Jesse, who wrote his PhD with Joe Harris, is an RTG post-doc who works on extending families of Jacobians. I am looking forward to learning a lot from him.
Karl Schwede (2006 PhD University of Washington),
Karl was hired as an RTG-postdoc, but the next year won the NSF post-doctoral fellowship, which he now holds until 2010. So far, together with
Sandor Kovacs,
we've proved a simple new characterization of
DuBois singularities in the Cohen-Macaulay case, which has nice applications to a conjecture of Kollar and to Kodaira vanishing for log canonical varieties.
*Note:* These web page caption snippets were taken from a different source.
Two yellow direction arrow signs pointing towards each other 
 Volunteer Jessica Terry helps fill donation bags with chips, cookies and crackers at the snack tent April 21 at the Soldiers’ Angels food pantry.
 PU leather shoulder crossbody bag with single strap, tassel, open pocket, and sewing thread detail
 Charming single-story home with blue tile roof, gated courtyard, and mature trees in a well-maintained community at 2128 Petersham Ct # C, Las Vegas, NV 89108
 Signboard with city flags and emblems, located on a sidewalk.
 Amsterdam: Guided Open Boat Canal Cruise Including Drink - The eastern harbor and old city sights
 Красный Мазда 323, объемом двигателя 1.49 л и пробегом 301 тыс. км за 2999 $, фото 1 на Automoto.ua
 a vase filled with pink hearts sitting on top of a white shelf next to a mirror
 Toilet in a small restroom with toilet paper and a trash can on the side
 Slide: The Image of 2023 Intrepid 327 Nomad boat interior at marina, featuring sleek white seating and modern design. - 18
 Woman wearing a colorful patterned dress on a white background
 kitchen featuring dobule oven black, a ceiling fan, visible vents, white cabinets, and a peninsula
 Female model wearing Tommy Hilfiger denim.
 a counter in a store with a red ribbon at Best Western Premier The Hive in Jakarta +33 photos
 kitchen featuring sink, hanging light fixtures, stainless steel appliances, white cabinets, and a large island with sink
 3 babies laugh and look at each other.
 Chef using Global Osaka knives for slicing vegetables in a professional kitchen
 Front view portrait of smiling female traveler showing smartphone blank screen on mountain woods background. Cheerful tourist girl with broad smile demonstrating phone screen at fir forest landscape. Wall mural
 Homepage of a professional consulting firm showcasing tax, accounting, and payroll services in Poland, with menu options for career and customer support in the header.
Karl and I also figured out a nice story about globally F-regular varieties and their relationship to Log Fano varieties. He has done deep work in several directions; my personal favorite is his work on F-adjunction and centers of F-purity, which brings to commutative algebra some powerful ideas from birational geometry. Check out his papers on the arvix
Howard Thompson (2002 PhD UC Berkeley)
With Howard, we worked out formulas for multiplier ideals of ideals defining nice subschemes of a smooth scheme, including any scheme defined by binomials (or more generally, any ideal admitting a "factorizing resolution" obtained by blowing up a monomial ideal). We also are studying which exceptional divisors in the resolution of a curve on a smooth surface are irrelevent from the point of view of computing jumping numbers, a question inspired by Wim Veys.
Russell Goward (2001 PhD University of Missouri)
Russell and I worked out the reduced scheme structure of the jet schemes of monomial schemes in a preprint called "Jet schemes of monomial ideals." (see preprint list).
Ana Bravo (1998 PhD Madrid), currently a professor of mathematics at the Autonoma in Madrid, Spain.
With Ana, we worked on two topics:
the behavior of the test ideal under smooth and etale maps (see preprint list),
and also on multiplier ideals for singular varieties (in progess).
There are many other post-docs at the University of Michigan in the algebra and algebraic geometry groups with whom I have had "unofficial" working relationships.